В 1917 году участвует в работе нелегальной конференции левых групп, на которой принято решение о создании Совета рабочих и солдатских депутатов; избран его членом. В 1918 году дезертирует из армии, избран командующим Венской Красной гвардии (вскоре вынужден покинуть эту должность под нажимом руководства Социал-демократической партии Австрии). Избран Венской Красной гвардией своим комиссаром и в этом качестве принимает активное участие в буржуазно-демократической революции в Австрии в 1918 году и безуспешно пытается создать в Вене Советскую республику.

Разочарованный откровенно предательским поведением руководства СДПА и слепой верностью партийной дисциплине рядовых социал-демократов, в 1919 году со своими сторонниками присоединяется к Коммунистической партии Австрии. После стабилизации буржуазного режима в Австрийской республике арестован на три месяца и затем выслан в Чехословакию. С 1921 по 1933 годы проживает в Берлине, в этот период активно пишет, посещает СССР, Алжир, Тунис, США (нелегально) и Китай. В 1925 году присоединяется к Коммунистической партии Германии, а в 1928 году участвует в создании Союза революционных пролетарских писателей Германии.
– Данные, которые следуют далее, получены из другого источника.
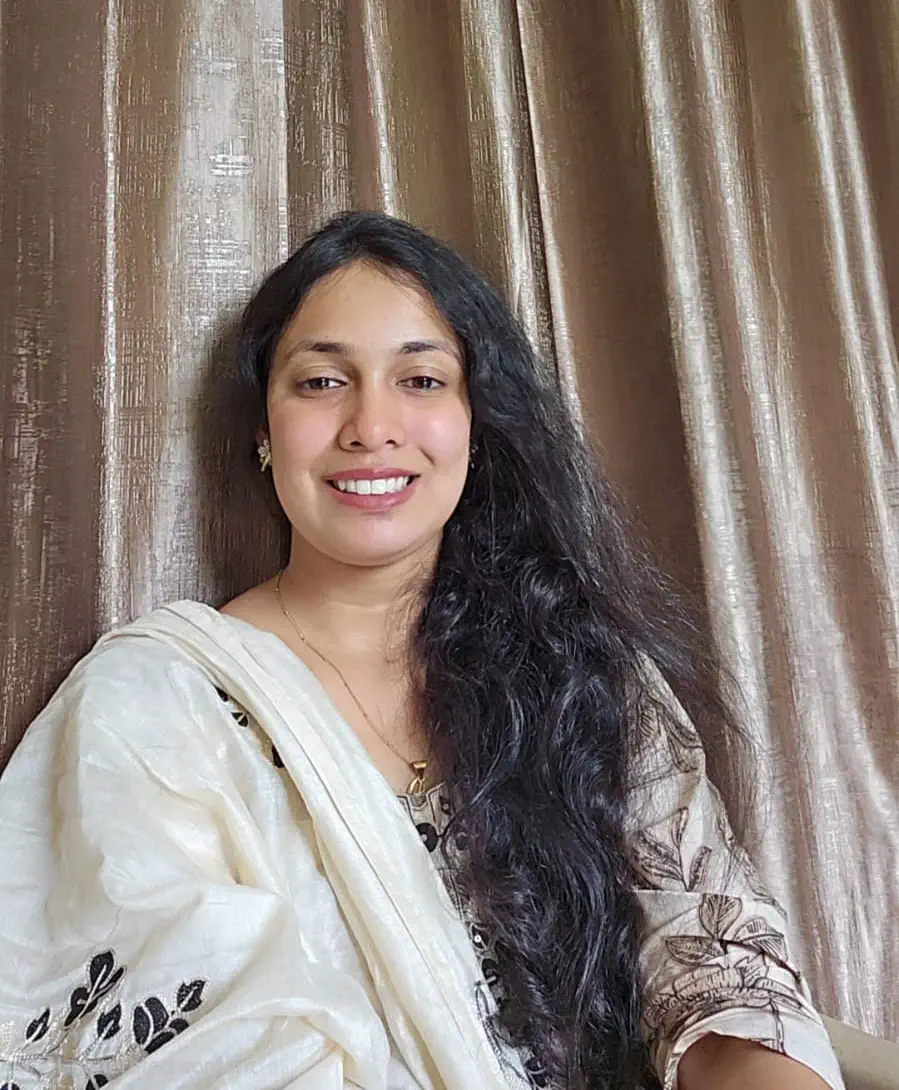 Psychologist Kudsia Shaikh providing child, career and emotional counselling in Kharghar and Ghansoli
После нацистской провокации с поджогом рейхстага в 1933 году арестован и брошен в тюрьму Шпандау, но вскоре под международным давлением, как иностранный подданный, выслан в Чехословакию. В том же году как человек, «известный своей подрывной деятельностью», не допущен властями на территорию Великобритании для участия в знаменитом контрпроцессе по делу о поджоге рейхстага.

В 1934 году, имея действительную визу для посещения Австралии, где проходил антивоенный и антифашистский конгресс, не был допущен властями на берег, после чего спрыгнул с борта судна и пытался достичь берега вплавь. Был арестован и осуждён на 6 месяцев заключения как «незаконный иммигрант». Благодаря судебному процессу над Кишем удалось предать гласности расистский характер австралийского иммиграционного законодательства и пронацистские симпатии ряда должностных лиц. Выслан из Австралии, позже по этому делу — из-за громкого скандала, которое оно вызвало, — был оправдан.
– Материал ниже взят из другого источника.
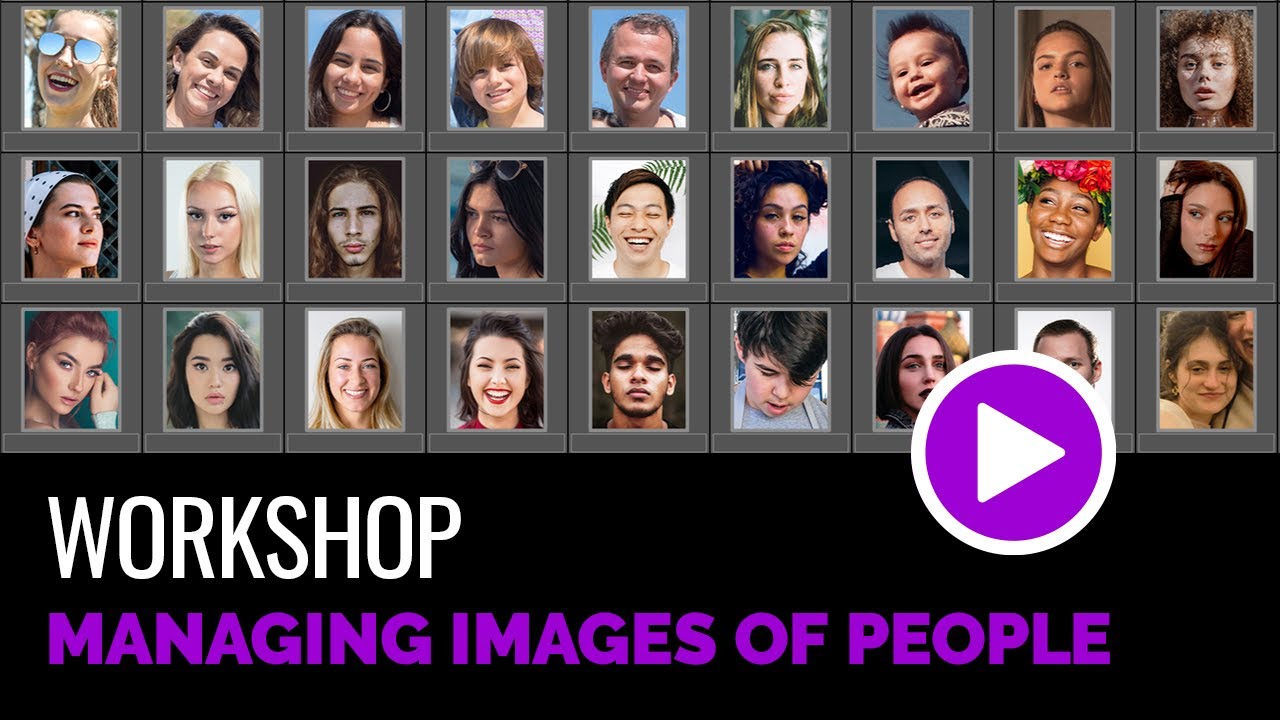 Managing Images of People using People Mode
В 1937—1938 годах находится в Испании, борец интербригад, публикует репортажи с разных фронтов гражданской войны. С началом Второй мировой войны пытается перебраться в США, однако ему, как убеждённому коммунисту, во въезде отказано. С 1940 по 1946 годы живёт и работает в Мексике, активный сотрудник антифашистского журнала «Фрайес Дойчланд». В 1946 году, несмотря на первоначальные проблемы с визой, возвращается в бенешевскую Чехословакию, однако к тому времени его здоровье было уже серьёзно подорвано. Вскоре после приезда был избран почетным председателем еврейской общины Праги.

Реформатор жанра репортажа; создатель очерка-эссе, поднявшего газетный репортаж до уровня полноценного литературного жанра, разновидности художественной публицистики.